Daha düşük borçlanma maliyetleri de haneleri araba, ev tadilatı ya da dayanıklı tüketim malları gibi büyük harcamalar yapmaya teşvik ederek iç tüketimin artmasını sağlayabilir.
ECB'nin ılımlı duruşundan kaynaklanabilecek zayıf bir euro bu etkileri daha da artırır. Para birimi değer kaybettikçe, Euro Bölgesi ihracatları küresel pazarlarda daha rekabetçi hale gelir ve bu da otomotiv üretimi, makine ve kimyasallar gibi ihracat ağırlıklı endüstriler için potansiyel bir kazanç sağlar.
Ancak para biriminin değer kaybetmesi iki ucu keskin bir kılıçtır. İhracat gelişebilirken, daha zayıf bir euro, enerji ve hammaddeler de dahil olmak üzere ithal malların maliyetini artırır. Bu durum, özellikle ithal girdilere bağımlı işletmeler için daha düşük borçlanma maliyetlerinin faydalarını kısmen dengeleyebilir.
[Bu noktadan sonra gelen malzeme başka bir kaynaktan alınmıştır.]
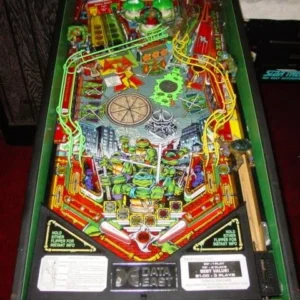 18846-1-original-medieval-madness-pinball-machine-cabinet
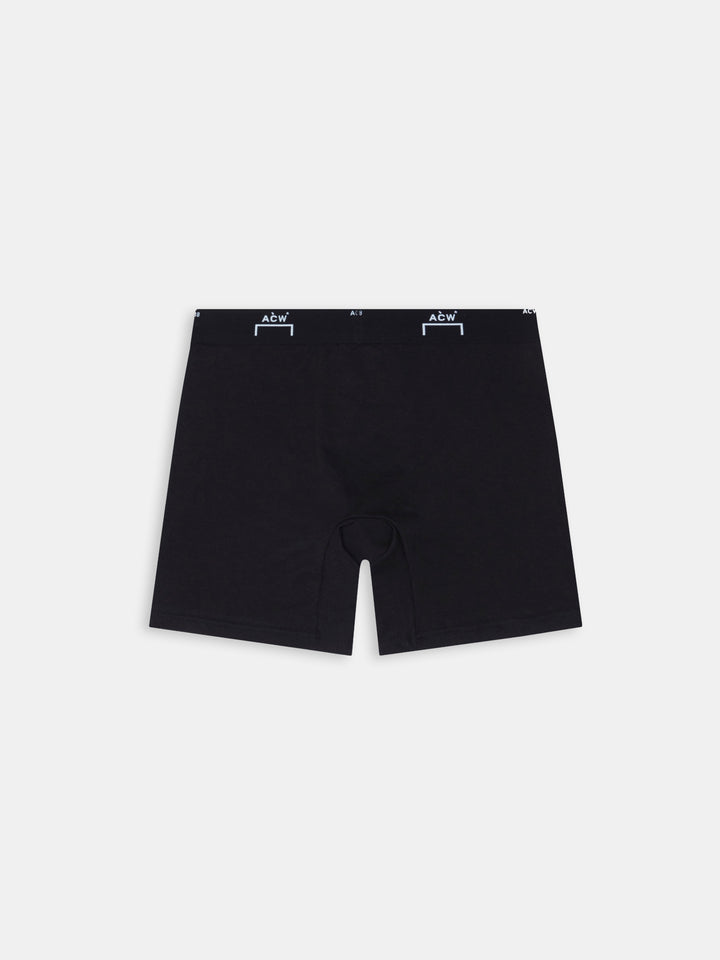 Boxer Shorts Black
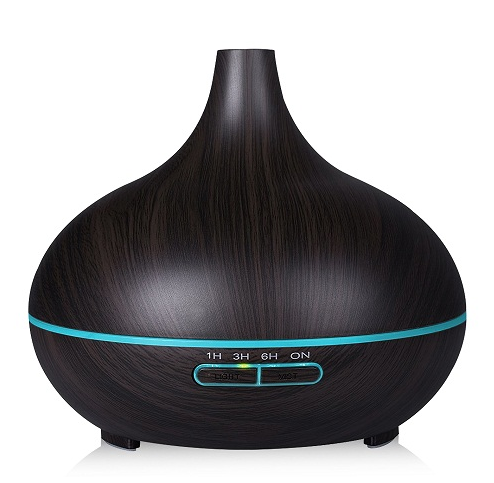 Ultraschall Aroma Diffusor Luftbefeuchter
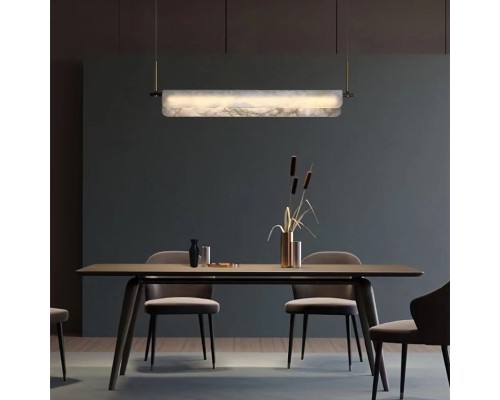 Подвесной светильник SENORA LONG ImperiumLoft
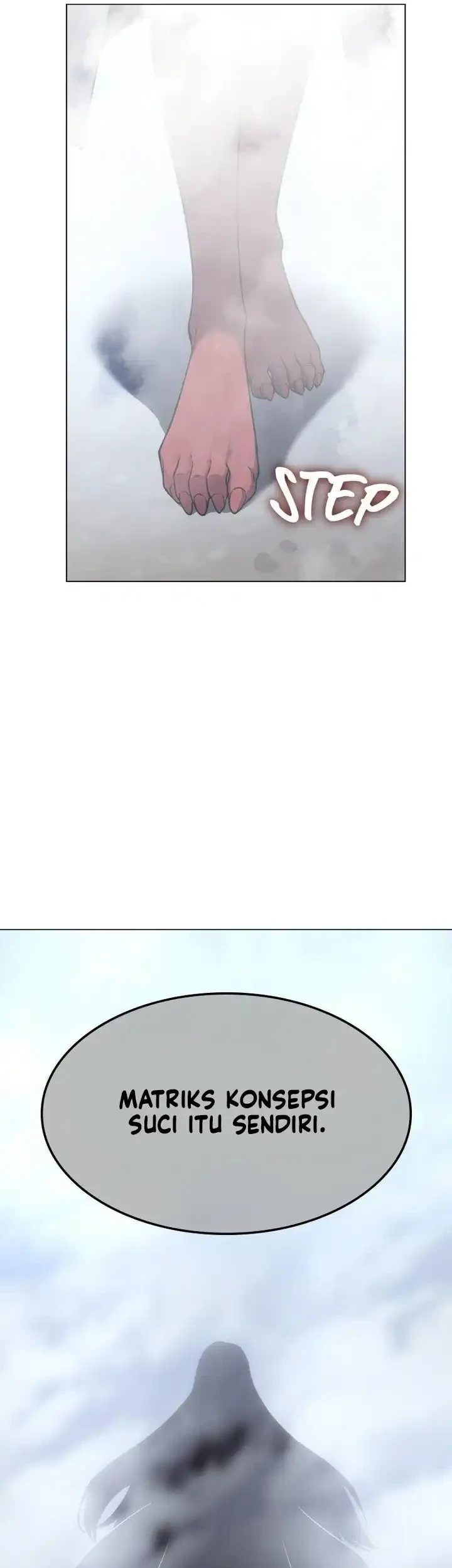 I Reincarnated As The Crazed Heir Chapter 194 Gambar 38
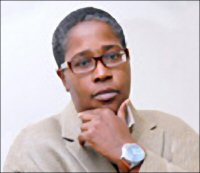 A. Toni Young
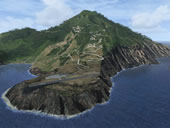 Saba, Caribbean gay diving tour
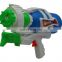Non toxic 11 inch high pressure water jet spray gun toys for kids and younger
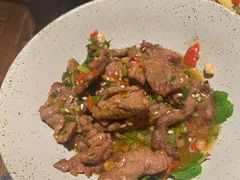 -云阿蛮云南生烫牛肉米线(奉贤路店)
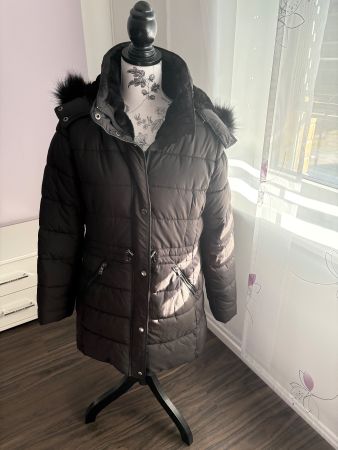 Winterjacke Gr. L.Chicorée NEU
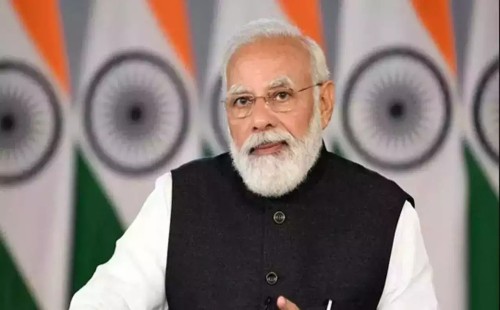 মোদির কোনো বাড়ি-গাড়ি নেই, নগদ অর্থ আছে ৫২ হাজার রুপি 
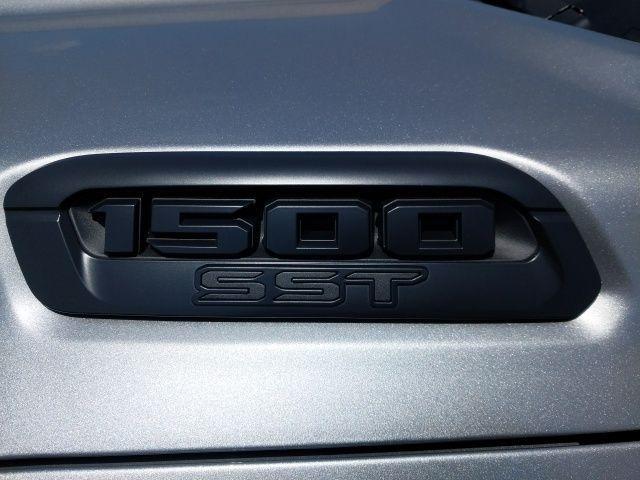 new 2025 Ram 1500 car, priced at $44,650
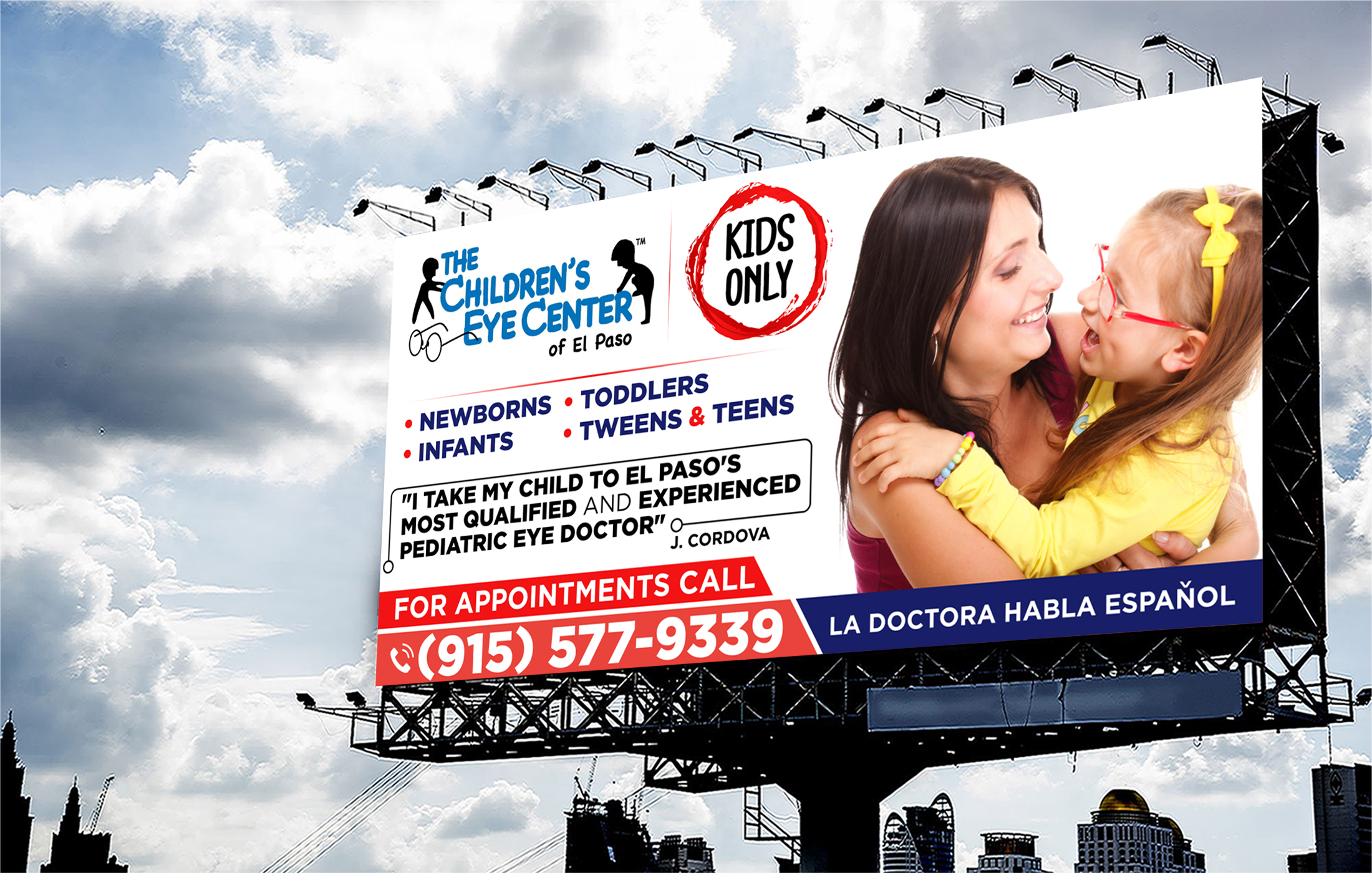 Billboard Design by VCreativeidea for Normand & Associates, Inc. | Design #36271840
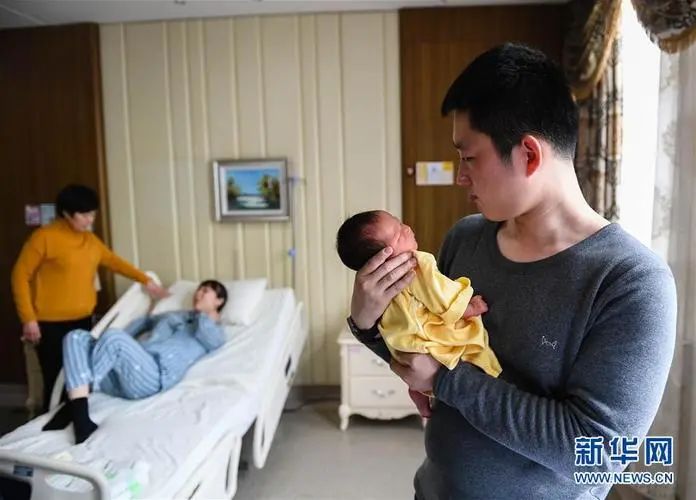 分享我在长春私人医院做借卵试管代怀女孩选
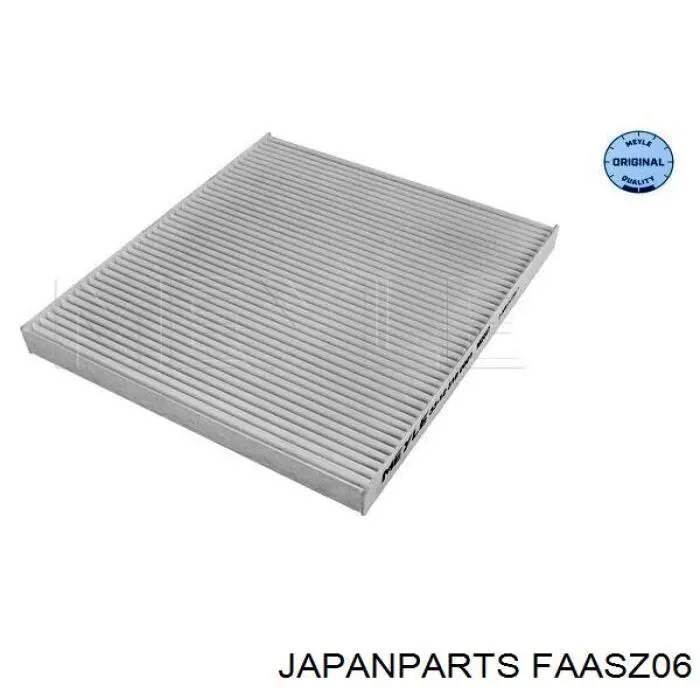Filtr kabiny Japan Parts FAASZ06 cena, od 8,47 USD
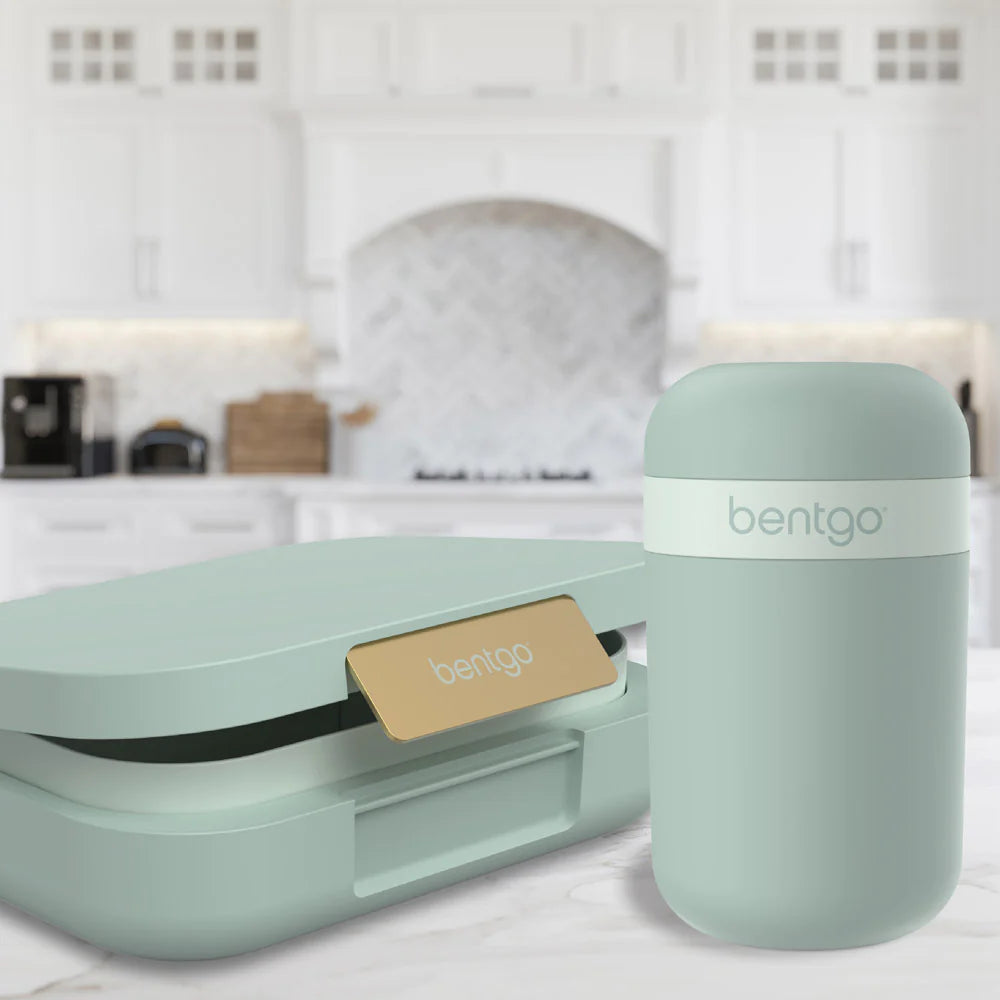 Bentgo Snack Cup - Mint Green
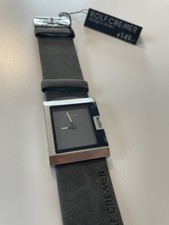 rolf cremer uhren gebraucht kaufen  Nünchritz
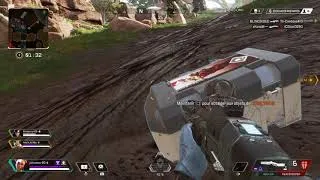 Miniature : Apex Legends_2019 johncena-90  top 1  armes en or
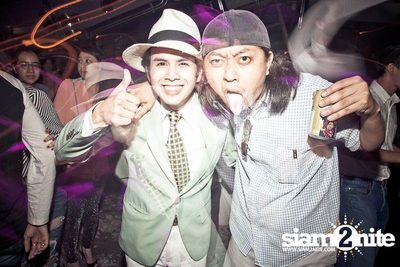 Cheeze x Play by Playboy present 'Candy Bomb Party' — photo 80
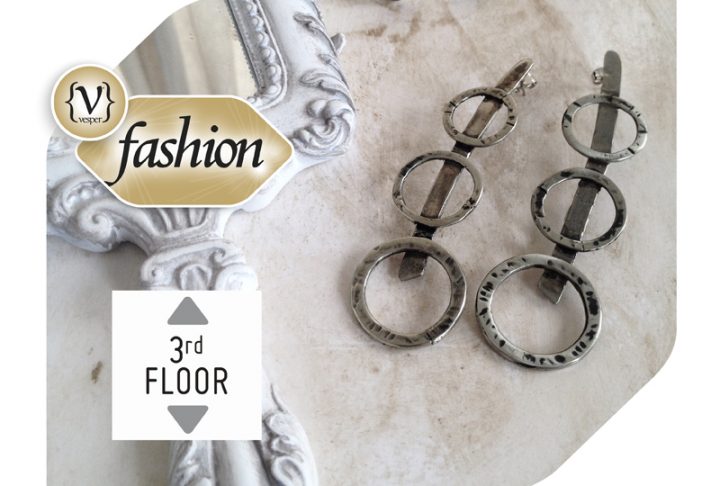 3rd FLOOR to the moon!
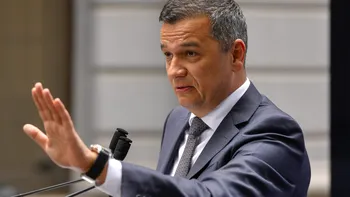 DECLARAȚII „Este o sinucidere din punct de vedere economic”. Grindeanu îi cere lui Bolojan să negocieze amânarea închiderii centralelor pe cărbune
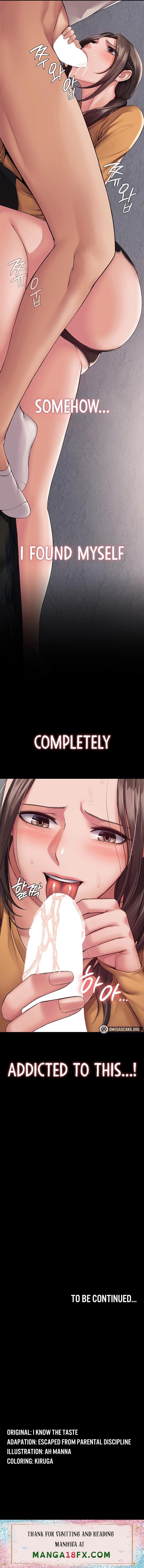 Succubus System - Chapter 9 Page 19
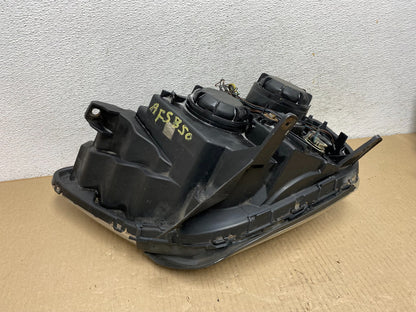 2010 to 2015 GMC Terrain Halogen Left Driver Lh Side Headlight AF5850 DW5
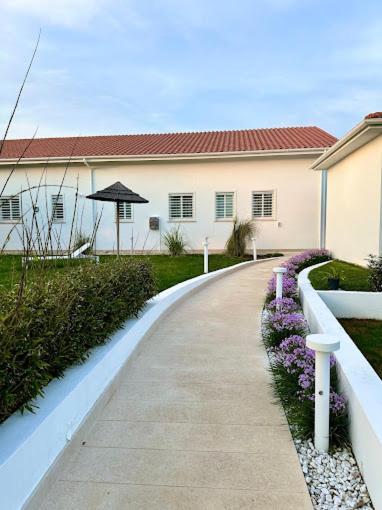 La Maison - Boutique Rooms Sperlonga Exterior foto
Bununla birlikte, Ukrayna ve Orta Doğu'da devam eden çatışmaların yanı sıra Amerika Birleşik Devletleri ile yaklaşan ticari gerilimler - özellikle de yenilenen gümrük vergileri tehdidi - dahil olmak üzere jeopolitik belirsizlikler Avrupalı firmalar için açık bir zorluk teşkil ediyor.
İşletmeler, olumlu finansal koşullara rağmen yatırım yapmaktan veya büyümekten çekinebilirler; bu durum, öngörülemeyen küresel bir ortamda para politikasının sınırlarını vurgular.
Sonuç olarak, ECB'nin faiz indirimleri ekonomik faaliyeti desteklemek için önemli bir araç, ancak bunların etkililiği önümüzdeki aylarda işletmelerin, tüketicilerin ve küresel piyasaların nasıl tepki vereceğine bağlı olacak.